我们生存在这个地球上,既可以什么都不崇拜,就像我们无所不能,毫无软肋,也可以信仰一些东西,即使是捏造的,假如能因此赶走恐惧,或者孤独。
当然,你我并不是有此想法的第一人,原始社会的人们生产力低下,文化水平落后,为了给那些看起来难以做到或难以理解的事给一个解释,他们创造了鬼神,并且深信不疑。
于是,在我的家乡,每有良辰佳节,都少不了祭祀祈福,时至今日,很多繁琐以及荒谬的仪式被删减,只剩下符合时代潮流的仪式,这其中,就有社火。
说起来,社火算得上我儿时最美好的回忆,只是这次回家,却并没有那时候的吸引力了,至少我躺在床上期待的,是即将煮熟的羊肉,而不是晚一点会来的社火。
然而我还没有吃到肉,就听到了社火头敲的鼓声,那是一种很有节奏,很有力量以及感染力的声音,即使是不通音律的我,也听得出那欢快的节奏。
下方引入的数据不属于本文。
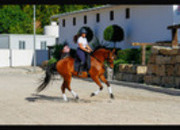 Se vende caballo hispanoárabe 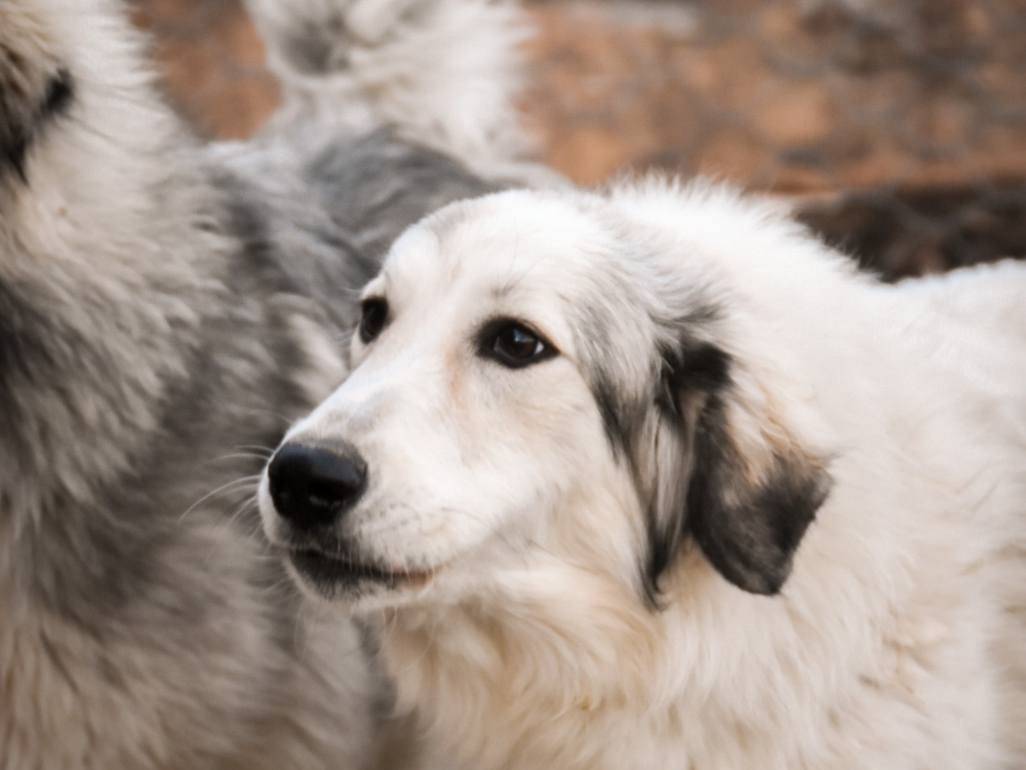 Adotta un cane, femmina, 2 anni  e 9 mesi , Crotone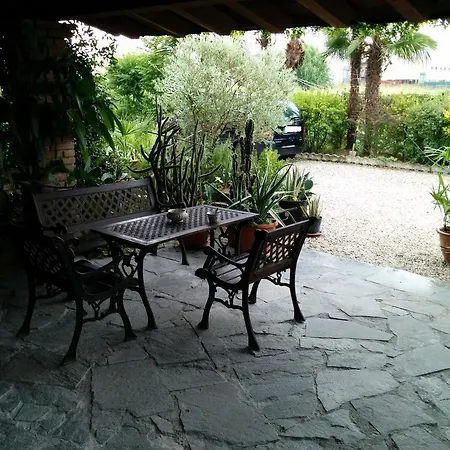 Le Palme D'oro 3*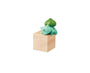 Pokemon Pittori Collection Blind Box Vol 2 Anime &amp; Brands Sugoi Mart thumbnail 4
接着烟花便追逐着在星空中乱舞了。
鼓声远去了,我知道,这一通鼓只是敲庄门,正菜要到夜里才会上。回到房里,听见老爸和几个伯伯们商量着要接社火。
看着他们连连点头,我恍然间想起了社火最原本的意义――冲刷晦气,求来好运。倘若这一年家里有过大病小灾,或者过世了人,就必须接一滩社火,将一切翻篇。
我去商店买来烟酒,老爸请人做了酒菜,买来烟花爆竹,又清扫了一遍院子,给正房里摆上烛火,点两盏灯笼挂在大门门顶,准备工作就结束了。社火队由庄里的社老带着,挨家串户表演。原以为轮到我家会很久,没想到电视各台才换了一遍,鼓声就愈来愈近了,我刚想出去打探一下,社火队的主事就进来了,对着老爸言语了几句,可惜让风吹走了,我只听到老爸让看到他点火就放鞭炮。
我才想起社火还有一个接社神的步骤,冲进房里拿了老爸抽烟的火机,摆了一地的鞭炮,等待吵醒霉运,然后轰走它。
舞狮子的又踢又跳的冲在前面,我正准备放炮,就看到两个灯帐画着虎头被举起来,狮子头不停的摇晃,老爸和社火头对跪着烧了一叠纸,将端着牌位的盘子聚在头顶,往正房走,我才想起我的鞭炮,赶紧点火,连带着烟花一起送到高空。
首先登场的是举着花灯的孩子们,他们由两个绑着花头巾的领队引着,开始有规律的在院子里绕圈,并且一直喊“嗷嚎嚎”“要阳糖”。
这个活计我曾经干过,小时候为了讨糖果,举着花灯耍了一夜。两句话的大意是,祝你好,并且跟对方讨要糖果。我举起手机连拍了几张,才发现扮演毛驴的和赶驴的都没有,这是社火队最逗笑的节目,可惜没有人会演。
驯马或者说引马,是惯例的第二个节目。通常由六个年轻人和一个马头来表演,幼时感觉有无穷的吸引力,很帅气的样子,现在看来,这些节目更有意义的,是这种欢快的节奏,以及能聚集一庄人的喜庆,马会根据马头的手势左右前后跳跃穿梭,经验老道的表演者往往给人行云流水般的流畅感。
第三个节目是引船,一个我到现在都不是很懂的节目,一个戴着假胡子的老头要通过点和摇晃一杆棍子,让船前后左右滑动,还有一个出彩的镜头是船要倒下的时候,引船人必须用极快的手速挥动棍子,左右划动,然后救船起水,做个对比的话,我打游戏的手速是比不上的。
接下来是民间曲艺和女孩子跳社火舞,青衣红扇的姑娘和红衣青扇的姑娘对台,三个人坐在椅子上拉二胡,另一个摇着铃铛唱曲,这是接近尾声的节目,时间格外长,而且难得安静点,一院子的人伸着头,听懂听不懂的都在投入。
突然一声鼓起,围观的人们立刻散开,以防被狮子踩到,狮子跳将着冲进来,火红的脑袋冲着人们摇晃,并且交错着转几圈。然后扬长而去,一路都是张牙舞爪的姿态。
在我们那里,一场社火一般都是这样的流程,来的快,去的也快,无论是粉饰太平抑或是庆祝丰年,庄里人都需要这样的仪式来告别过去,迎接新的一年,就像图腾一样,永恒的被信仰,被传承。